So today we were tasked to make a letter to our graduation-bound self...
I love writing down how I feel. That’s how I usually get them out. I had very few friends I could talk to and because we had conflicting schedules, I couldn’t turn to them. So as I’ve said I love writing down what I feel and this particular week had been a rollercoaster of emotions.
Let me start with this, I’ve wanted to be a chemical engineer ever since I was 6 because the experiments my aunt did always fascinated me. Fast forward to the present where I’m taking Chemistry 4 Level 2 classes, which teaches us the applications of chemistry in different fields. I know for a fact that our school is very advanced because we’re already tackling lessons studied for college students. I know for a fact that the subject was gonna be hard. But for our first problem set, I blanked out. I couldn’t answer a single thing. I can’t even begin to comprehend how to answer the question. This wasn’t really new to me but it still affected me. My classmates seemed like they were having no problems answering the probset, that’s when I started to overthink.

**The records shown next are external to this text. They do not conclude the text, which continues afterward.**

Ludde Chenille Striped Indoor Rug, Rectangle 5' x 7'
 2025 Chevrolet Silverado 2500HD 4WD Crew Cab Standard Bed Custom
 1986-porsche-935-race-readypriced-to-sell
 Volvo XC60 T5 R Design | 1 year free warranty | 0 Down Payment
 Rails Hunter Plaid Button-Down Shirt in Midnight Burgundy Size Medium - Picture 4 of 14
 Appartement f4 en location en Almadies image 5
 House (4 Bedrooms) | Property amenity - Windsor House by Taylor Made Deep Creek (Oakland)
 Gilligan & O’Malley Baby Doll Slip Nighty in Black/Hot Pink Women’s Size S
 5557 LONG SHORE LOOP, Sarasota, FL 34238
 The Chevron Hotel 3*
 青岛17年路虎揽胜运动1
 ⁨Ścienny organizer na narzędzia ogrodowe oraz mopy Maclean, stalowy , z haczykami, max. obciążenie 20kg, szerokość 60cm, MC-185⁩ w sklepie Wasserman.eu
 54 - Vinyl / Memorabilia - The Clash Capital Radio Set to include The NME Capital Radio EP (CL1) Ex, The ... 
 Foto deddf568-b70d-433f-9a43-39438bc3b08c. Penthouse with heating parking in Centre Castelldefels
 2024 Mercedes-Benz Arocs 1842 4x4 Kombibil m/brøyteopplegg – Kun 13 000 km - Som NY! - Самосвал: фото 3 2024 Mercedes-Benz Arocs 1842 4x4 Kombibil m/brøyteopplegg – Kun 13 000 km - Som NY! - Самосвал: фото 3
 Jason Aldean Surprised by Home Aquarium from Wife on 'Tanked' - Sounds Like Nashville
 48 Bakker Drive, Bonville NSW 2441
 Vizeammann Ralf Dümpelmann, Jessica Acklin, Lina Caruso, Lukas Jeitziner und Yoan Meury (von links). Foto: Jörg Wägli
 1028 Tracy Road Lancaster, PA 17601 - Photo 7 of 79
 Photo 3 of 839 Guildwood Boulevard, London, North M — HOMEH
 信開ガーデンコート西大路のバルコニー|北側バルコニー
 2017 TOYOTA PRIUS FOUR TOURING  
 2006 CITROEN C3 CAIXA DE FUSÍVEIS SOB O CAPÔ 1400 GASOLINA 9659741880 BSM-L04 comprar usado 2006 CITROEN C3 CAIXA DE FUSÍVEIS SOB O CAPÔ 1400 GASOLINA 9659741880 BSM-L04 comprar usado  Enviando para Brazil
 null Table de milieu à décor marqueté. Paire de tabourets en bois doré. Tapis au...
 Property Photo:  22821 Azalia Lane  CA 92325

Why couldn’t I do it? I was planning to do this for the rest of my life and yet my first probset in I can’t even answer a single thing. I broke. I cried. I did something I’ve never done. I talked to my mom about what’s happening to me. I was expecting her to get mad at me for doing badly, but she didn’t. I guess, I just thought she would because that was what I was feeling for myself at that moment. I was mad that I can’t answer the probset. I was rethinking the path I set for myself. After talking to my mom, after her reassurance that I am not less than what I am because of my failures, I got through the night. The next day was my chem long exam. I didn’t sleep, I study my ass off. I asked help from a friend. I felt a little better. Then morning came, I got anxious again. I had no idea what to expect from the long exam, my teacher is unpredictable. I began dreading the day to come. I arrived at early and looked for my classmates. I asked for help but still couldn’t get everything they were saying. I started tearing up again. They comforted me and it felt nice not being alone. Chemistry is my first subject so I went to my room, proceded to sit in my seat. I didn’t study anymore. I doubted I could take in anymore information so I just sat and stared at nothing in particular. My mind wasn’t occupied so guess what I did. I started overthinking again which led me to cry silently just seconds before the bell rang. Then, the test started.
I remembered this story as I was writing my letter to my graduation-bound self. When my graduated-self read the letter (keyword: WHEN not IF), I want her to know that I am proud of what she’s accomplished and I want her to feel proud of herself as well for what she’s achieved. To remind her that she cried over chemistry thrice before. Then, tell her that she did so and is now college-bound, about to take the subject that made her cry and make it her bitch.